» **Problem to work on**: Every record must appear in your copy exactly as written, with no pictures.

====

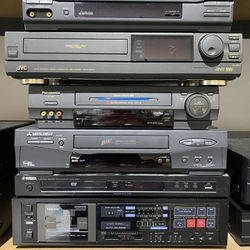 LOT Of Electronics For Repair: 4x VCRs, 1x DVD, 1x Cassette Tape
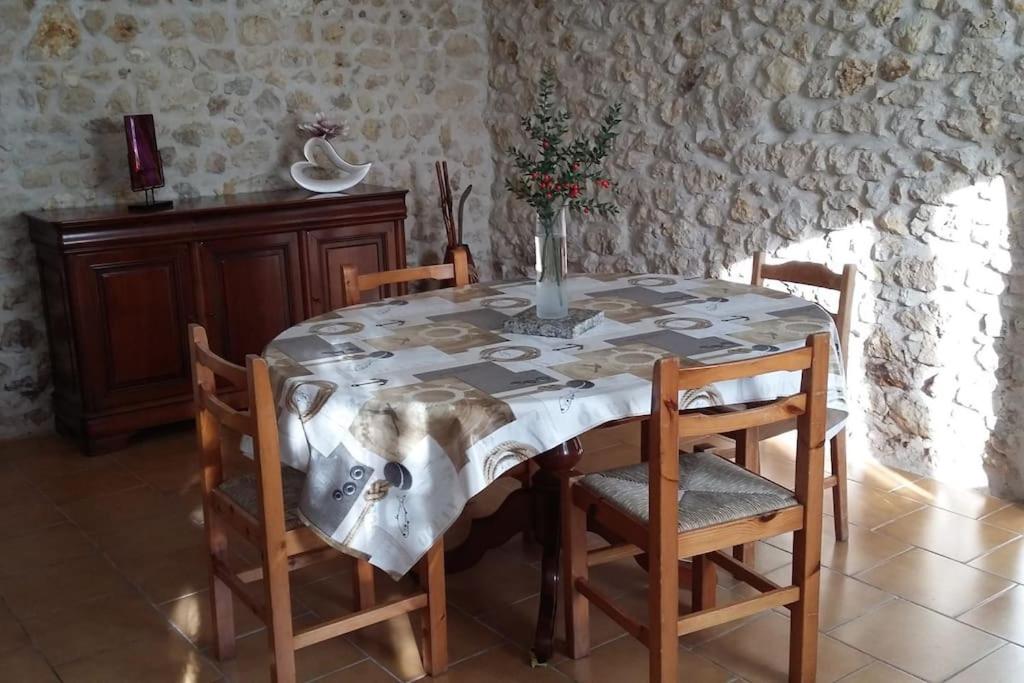CHARMANTE MAISON PAISIBLE 6 PERSONNES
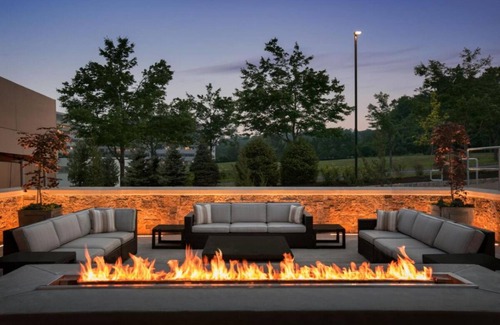Berkeley Heights Hotel | Make Your Trip More Enjoyable! Pool, Parking, Pets Allowed, Free Breakfast!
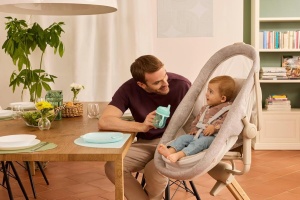 Leagan 4 in 1 Chicco Baby Hug Armonia, inaltime ajustabila, cu spatiu de joaca, pentru 0-36 luni - Img 2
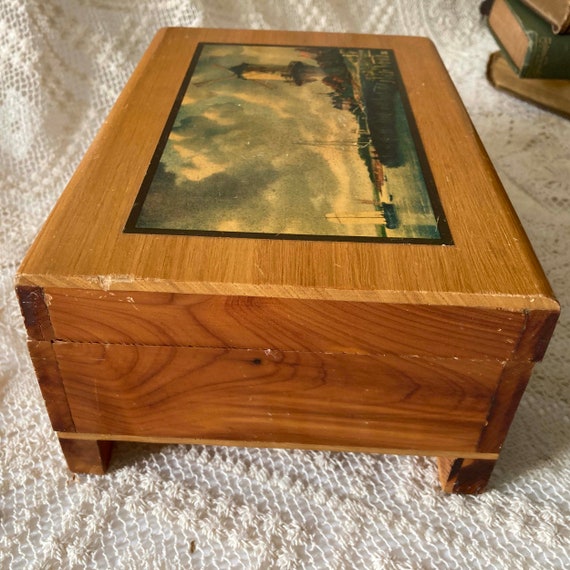 Wooden Cedar Keepsake Chest  Jewelry Box Dutch Sc… - image 5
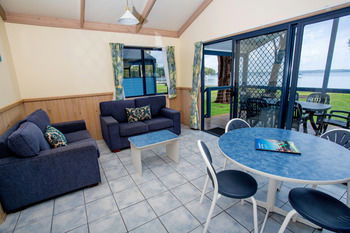 Ingenia Holidays Lake Macquarie - Accommodation Main Beach 11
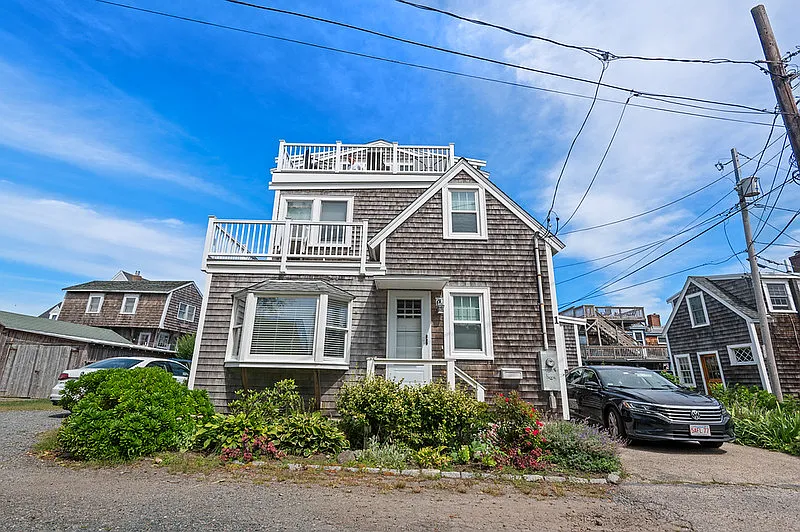 3 bed, $3,500 — Photo 1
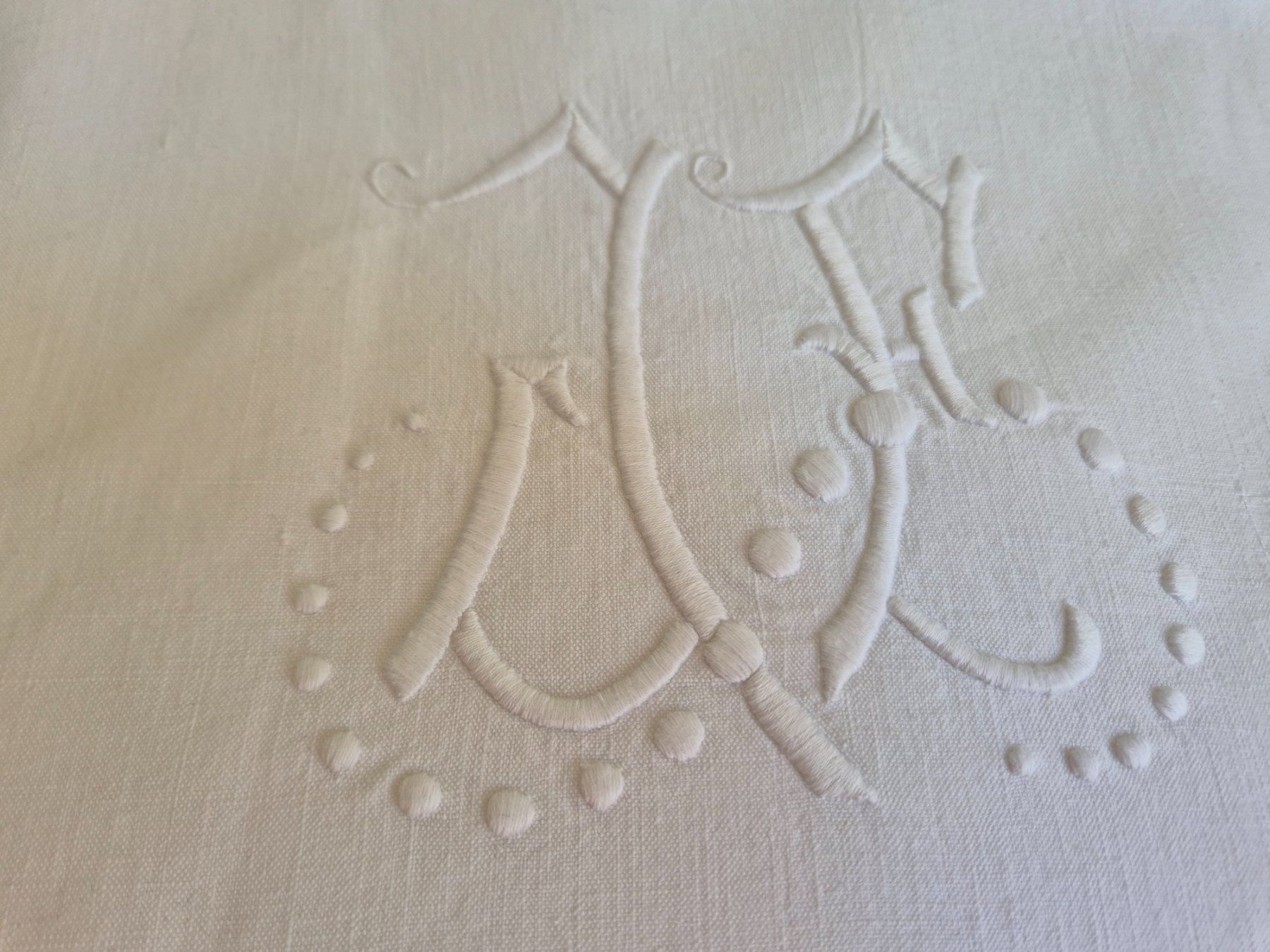 Biancheria da letto: Grose antikes Leinen Leintuch mit Monogramm "IE" bestickt – Usato da Bern venduto da aronari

====

» **Completed task**:
 LOT Of Electronics For Repair: 4x VCRs, 1x DVD, 1x Cassette Tape
CHARMANTE MAISON PAISIBLE 6 PERSONNES
Berkeley Heights Hotel | Make Your Trip More Enjoyable! Pool, Parking, Pets Allowed, Free Breakfast!
 Leagan 4 in 1 Chicco Baby Hug Armonia, inaltime ajustabila, cu spatiu de joaca, pentru 0-36 luni - Img 2
 Wooden Cedar Keepsake Chest  Jewelry Box Dutch Sc… - image 5
 Ingenia Holidays Lake Macquarie - Accommodation Main Beach 11
 3 bed, $3,500 — Photo 1
 Biancheria da letto: Grose antikes Leinen Leintuch mit Monogramm "IE" bestickt – Usato da Bern venduto da aronari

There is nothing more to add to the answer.